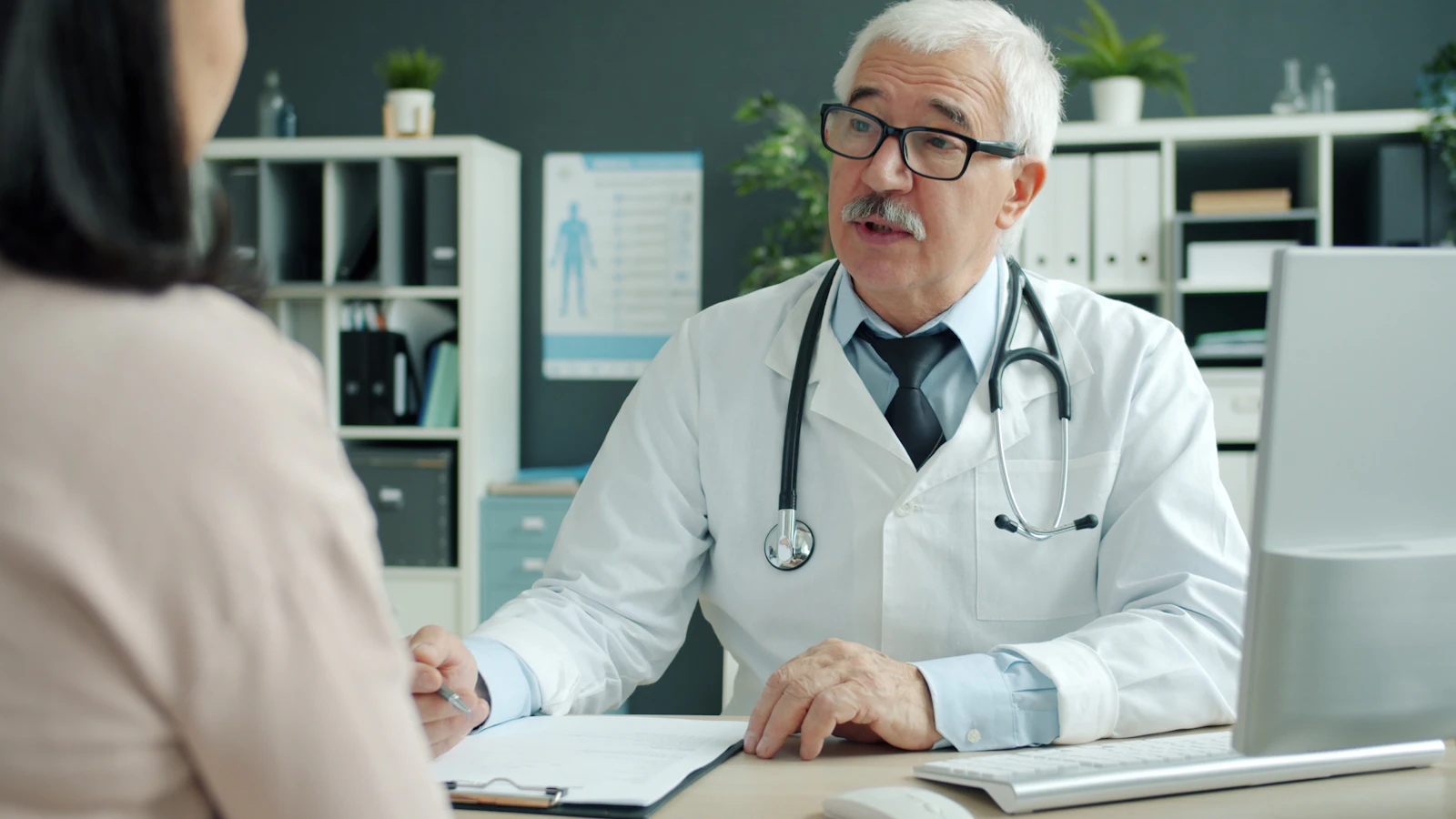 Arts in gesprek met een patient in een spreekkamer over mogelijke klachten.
━━━━━━━━
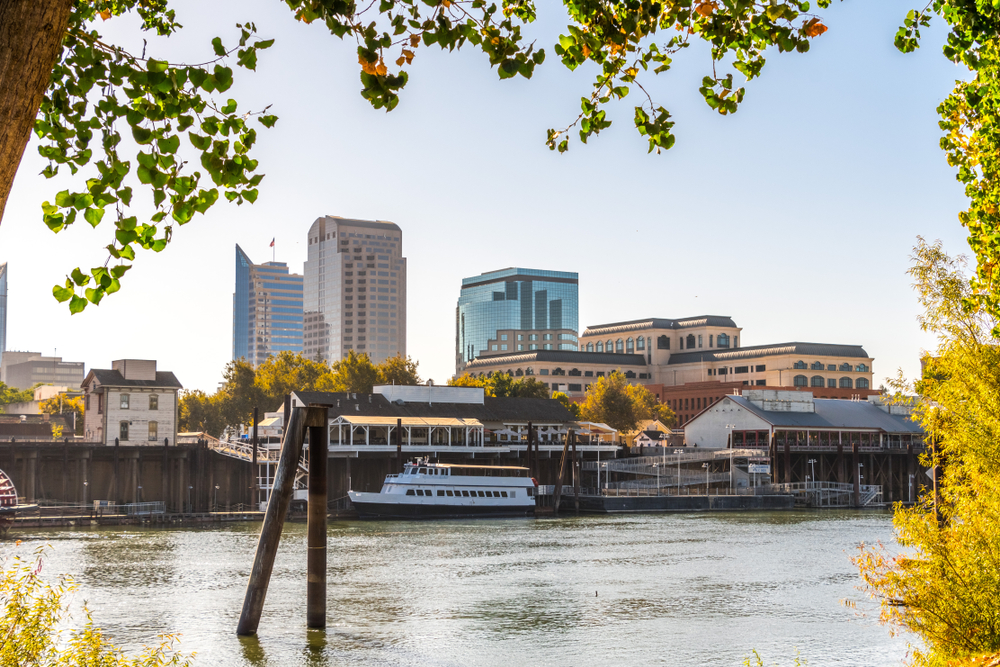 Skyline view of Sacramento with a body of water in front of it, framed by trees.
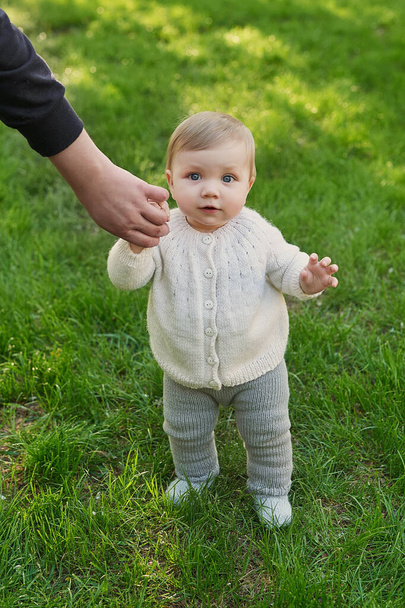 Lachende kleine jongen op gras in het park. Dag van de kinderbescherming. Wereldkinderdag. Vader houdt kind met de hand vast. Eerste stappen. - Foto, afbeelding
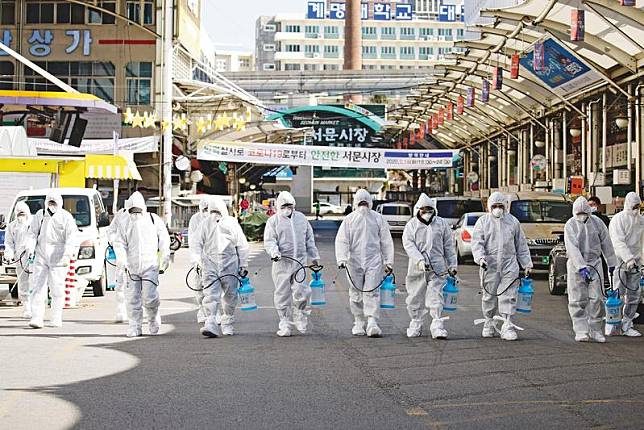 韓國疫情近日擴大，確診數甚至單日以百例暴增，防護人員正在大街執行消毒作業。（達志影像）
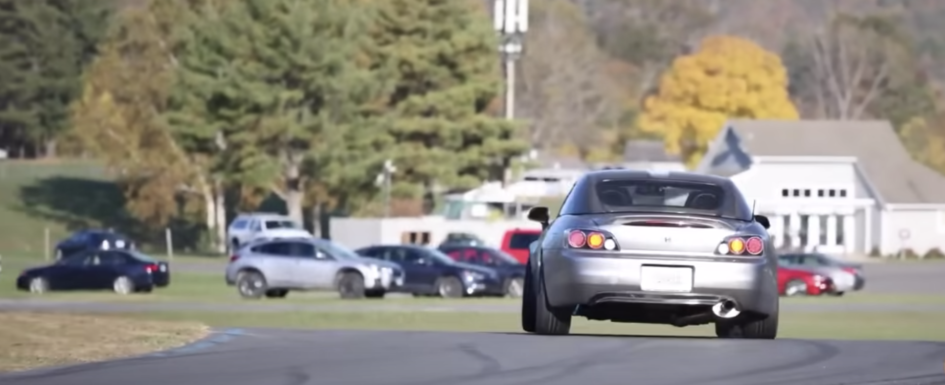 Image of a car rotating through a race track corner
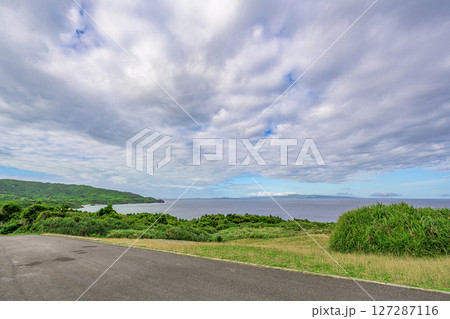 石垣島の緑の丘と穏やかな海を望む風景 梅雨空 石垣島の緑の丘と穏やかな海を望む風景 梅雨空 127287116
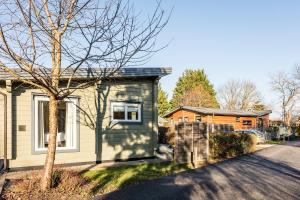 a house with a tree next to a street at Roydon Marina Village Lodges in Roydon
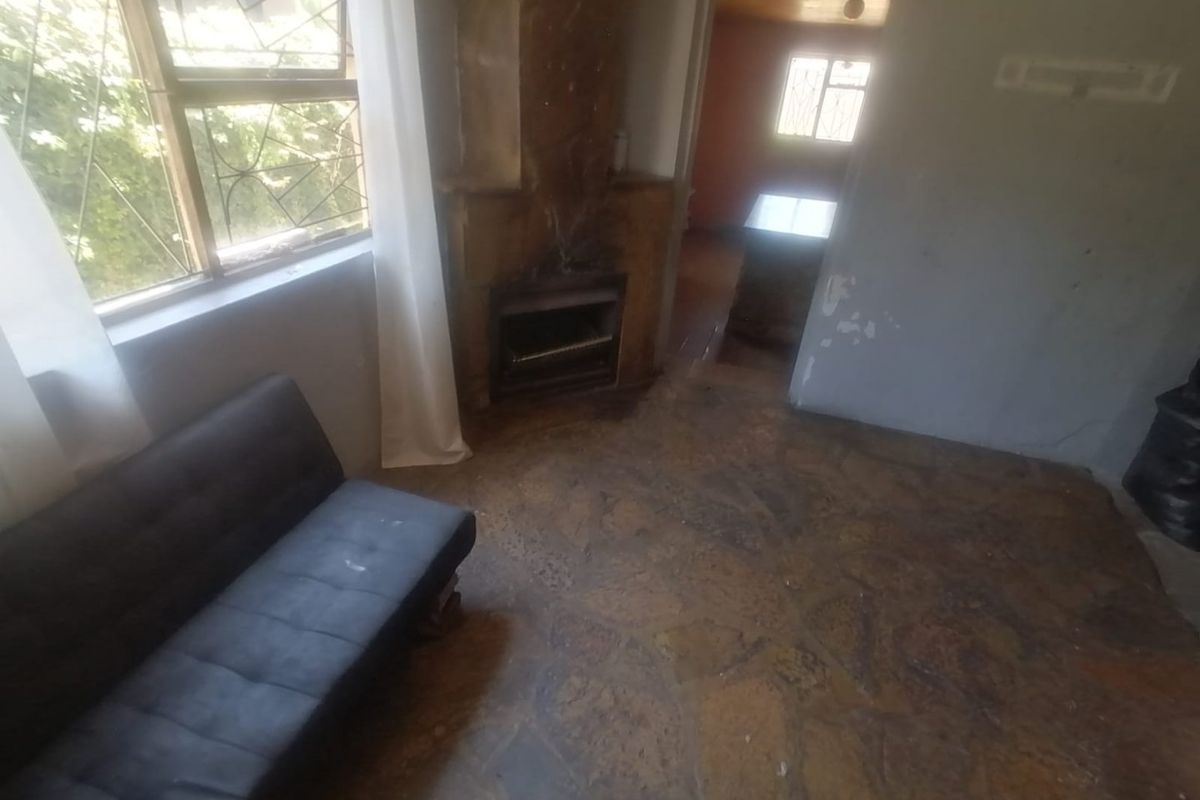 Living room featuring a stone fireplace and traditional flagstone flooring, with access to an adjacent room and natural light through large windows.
━━━━━━━━
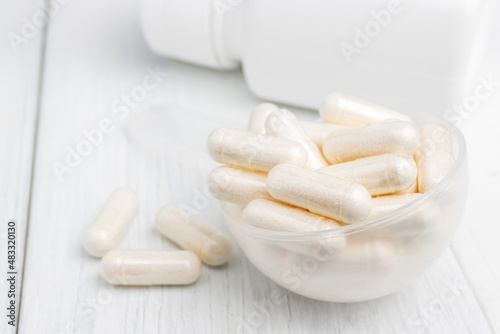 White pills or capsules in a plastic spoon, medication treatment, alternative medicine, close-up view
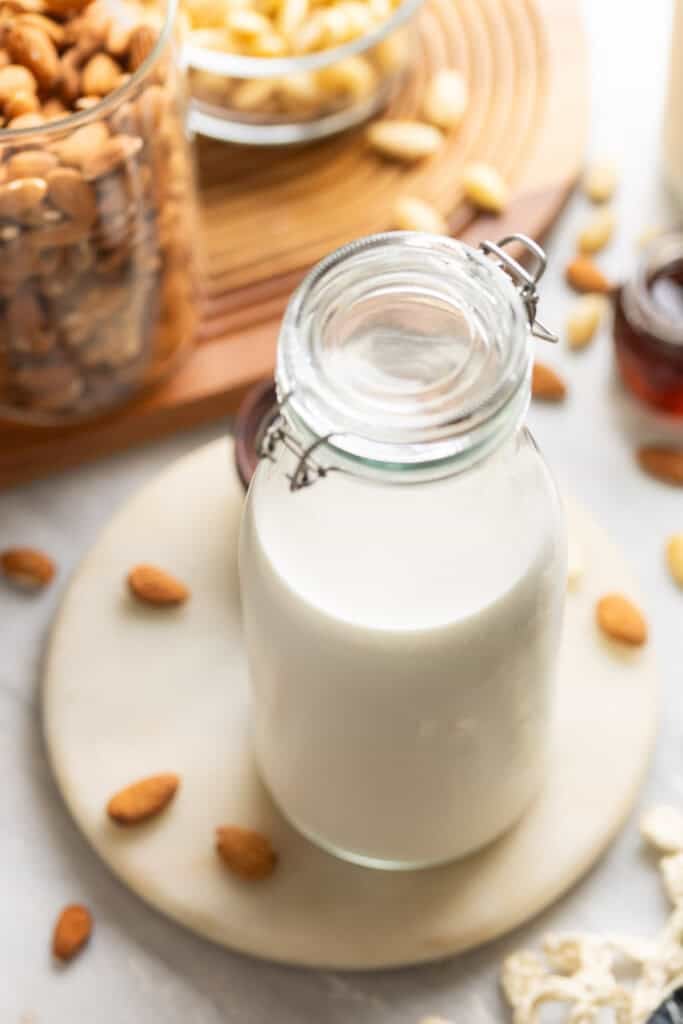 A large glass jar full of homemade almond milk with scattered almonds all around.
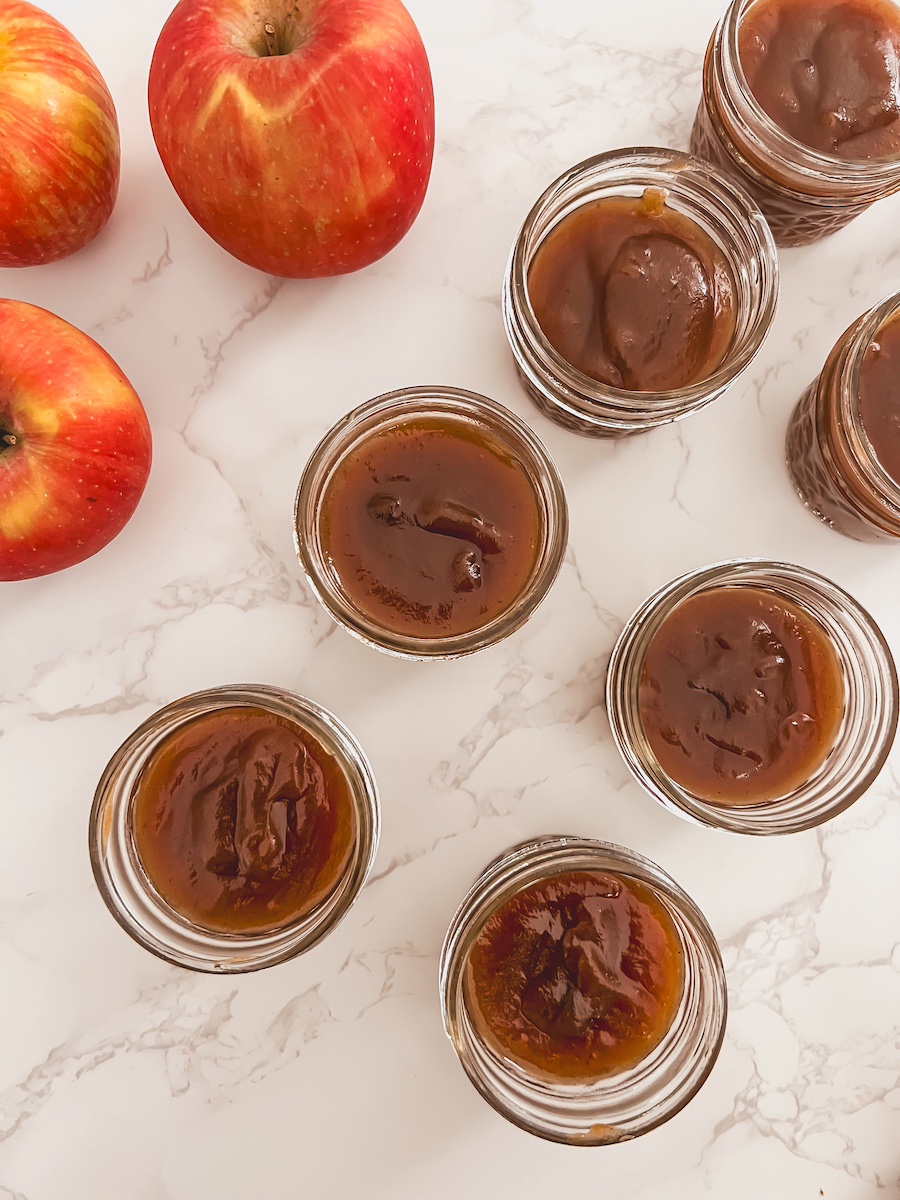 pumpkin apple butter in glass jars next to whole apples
━━━━━━━━
__Instructions to follow__. Above this task is a listing with pictures in it. Retype only the lines from the one containing "a house with" through the one containing "Living room featuring", both included, and not the pictures.

__Answer space__.
 a house with a tree next to a street at Roydon Marina Village Lodges in Roydon
 Living room featuring a stone fireplace and traditional flagstone flooring, with access to an adjacent room and natural light through large windows.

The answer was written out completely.